C: counterclockwise path around the boundary of the ellipse x2/4+y2/64=1

Answer 1

`\int \int \bigtriangledown F\ X\ dS = \int F\cdot dr` = 12π

Explanation:

The field F is given by:

`F = 3y\hat{i} + y\hat{j}+z\hat{k}` (1)

The curve C is the ellipse:

`(x^2)/(4)+(y^2)/(64)=1\\\\((x)/(2))^2+((y)/(8))^2=1`

In order to calculate the circulation of F around the curve C, you first find the parametric equation for the given ellipse.

The general form of an ellipse equation is:

`((x)/(a))^2+((y)/(b))^2=1`

The parametric equation is:

`r(t)=acost \hat{i} + bsint\hat{j}=2cost\hat{i}+8sint\hat{j}` (2)

The Stokes's theorem is given by the following identity:

`\int \int \bigtriangledown F\ X\ dS = \int F\cdot dr`

The path integral is also:

`\int F\cdot dr=\int F(r(t))\cdot dr(t)` (3)

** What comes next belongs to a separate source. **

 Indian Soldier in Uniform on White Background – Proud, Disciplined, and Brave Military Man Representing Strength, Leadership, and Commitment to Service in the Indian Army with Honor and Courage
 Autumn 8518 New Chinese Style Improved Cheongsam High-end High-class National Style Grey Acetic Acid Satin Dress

For F(r(t)) and dr(t) you obtain:

`F(r(t))=3(8sint)\hat{j}+(8sint)\hat{j}+(z)\hat{k}\\\\dr(t)=(-2sint\hat{i}+8cost\hat{j}+0\hat{k})dt\\\\F(r(t))\cdot dr(t)=(-48sin^2t+64cos^2t)dt`

Next, in the equation (3) you obtain:

`\int_0^(2\pi) (-48sin^2t+64cos^2t)dt=\int_0^(2\pi)(-(48)/(2)(1-cos2t)+(64)/(2)(1+cos2t))dt\\\\=\int_0^(2\pi)(-24+24cos2t+32+32cos2t)dt\\\\=\int_0^(2\pi)(6+56cos2t)dt\\\\=[6t+56sin2t]_0^(2\pi)=[6(2\pi)-0]=12\pi`

The circulation of the field around C is 12π